BWH Department of Anesthesiology, Perioperative and Pain Medicine

Mass General Brigham Pain Research Fellowship
T90/R90 Training Grant

An opportunity to train as clinical pain researchers under the direct interdisciplinary supervision of multiple mentors across multiple departments and diverse backgrounds.

Introduction

The purpose of this Mass General Brigham Pain Research Fellowship is to offer a group of fellows from a variety of backgrounds the opportunity to train as clinical pain researchers under the direct interdisciplinary supervision of multiple mentors across multiple departments and diverse backgrounds. We hope to develop broadly-educated scholars in the biopsychosocial science of pain who have the motivation, knowledge, skills, and experience to build productive academic careers in clinical research, addressing problems of importance to the field of clinical pain science.

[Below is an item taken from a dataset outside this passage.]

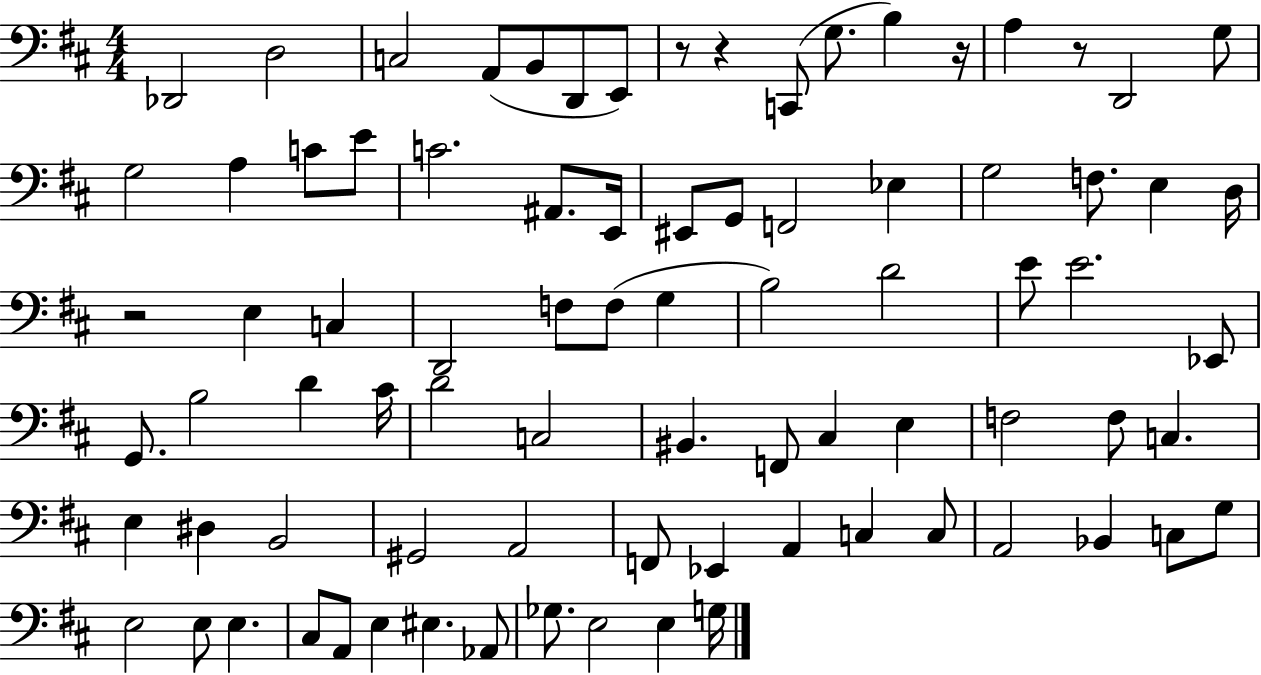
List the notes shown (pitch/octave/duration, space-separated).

Mass General Brigham’s Pain Research Fellowship training program will be individualized to meet each trainee’s needs, as dictated by their interests, chosen field, past experience and education. Fellowships are typically 1-2 years with the option for a 3rd year based on productivity and availability of funding.

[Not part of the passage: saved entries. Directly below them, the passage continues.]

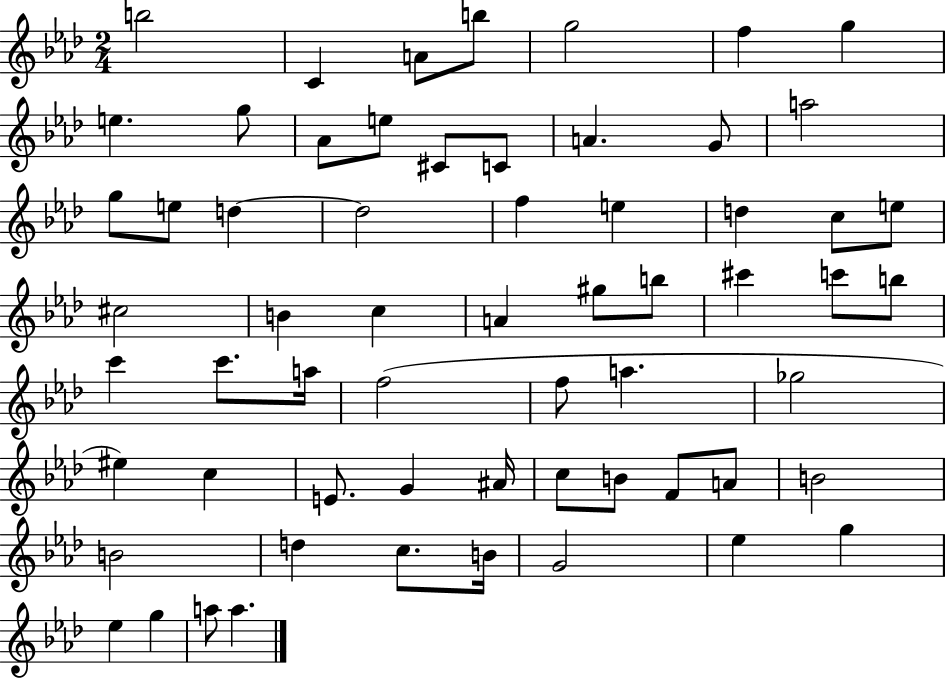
{
  \clef treble
  \numericTimeSignature
  \time 2/4
  \key aes \major
  \repeat volta 2 { b''2 | c'4 a'8 b''8 | g''2 | f''4 g''4 | \break e''4. g''8 | aes'8 e''8 cis'8 c'8 | a'4. g'8 | a''2 | \break g''8 e''8 d''4~~ | d''2 | f''4 e''4 | d''4 c''8 e''8 | \break cis''2 | b'4 c''4 | a'4 gis''8 b''8 | cis'''4 c'''8 b''8 | \break c'''4 c'''8. a''16 | f''2( | f''8 a''4. | ges''2 | \break eis''4) c''4 | e'8. g'4 ais'16 | c''8 b'8 f'8 a'8 | b'2 | \break b'2 | d''4 c''8. b'16 | g'2 | ees''4 g''4 | \break ees''4 g''4 | a''8 a''4. | } \bar "|."
} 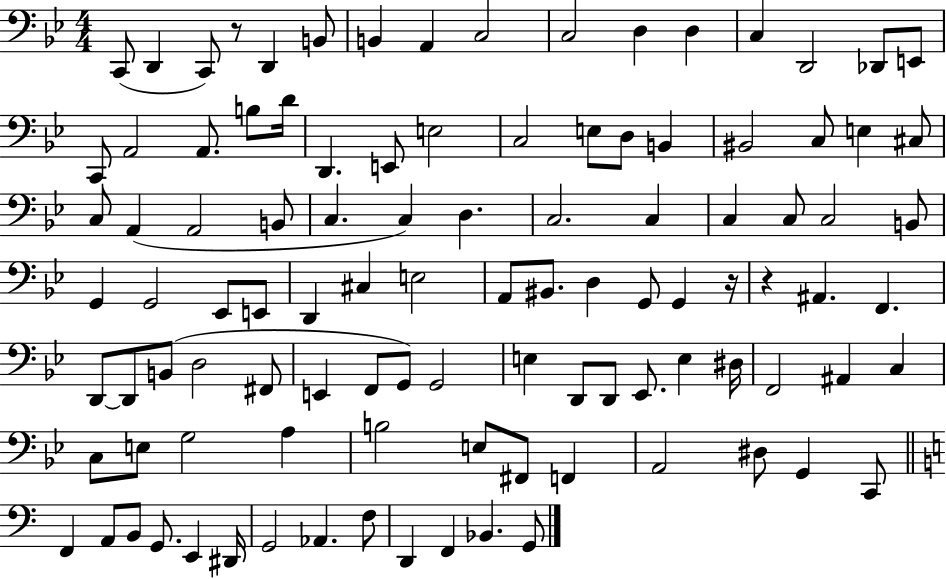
{
  \clef bass
  \numericTimeSignature
  \time 4/4
  \key bes \major
  c,8( d,4 c,8) r8 d,4 b,8 | b,4 a,4 c2 | c2 d4 d4 | c4 d,2 des,8 e,8 | \break c,8 a,2 a,8. b8 d'16 | d,4. e,8 e2 | c2 e8 d8 b,4 | bis,2 c8 e4 cis8 | \break c8 a,4( a,2 b,8 | c4. c4) d4. | c2. c4 | c4 c8 c2 b,8 | \break g,4 g,2 ees,8 e,8 | d,4 cis4 e2 | a,8 bis,8. d4 g,8 g,4 r16 | r4 ais,4. f,4. | \break d,8~~ d,8 b,8( d2 fis,8 | e,4 f,8 g,8) g,2 | e4 d,8 d,8 ees,8. e4 dis16 | f,2 ais,4 c4 | \break c8 e8 g2 a4 | b2 e8 fis,8 f,4 | a,2 dis8 g,4 c,8 | \bar "||" \break \key c \major f,4 a,8 b,8 g,8. e,4 dis,16 | g,2 aes,4. f8 | d,4 f,4 bes,4. g,8 | \bar "|."
}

The Fellowship Application Process

Step 1.

Applicants express interest by filling out our Preliminary Interest Application Form.

Step 2.

The applicant, in collaboration with the Program Directors, will identify a suitable primary mentor from our core of 12 mentors.

Step 3.

The mentor and any additional co-mentors will help the applicant with the Grant Proposal Application, briefly describing the scientific and training goals.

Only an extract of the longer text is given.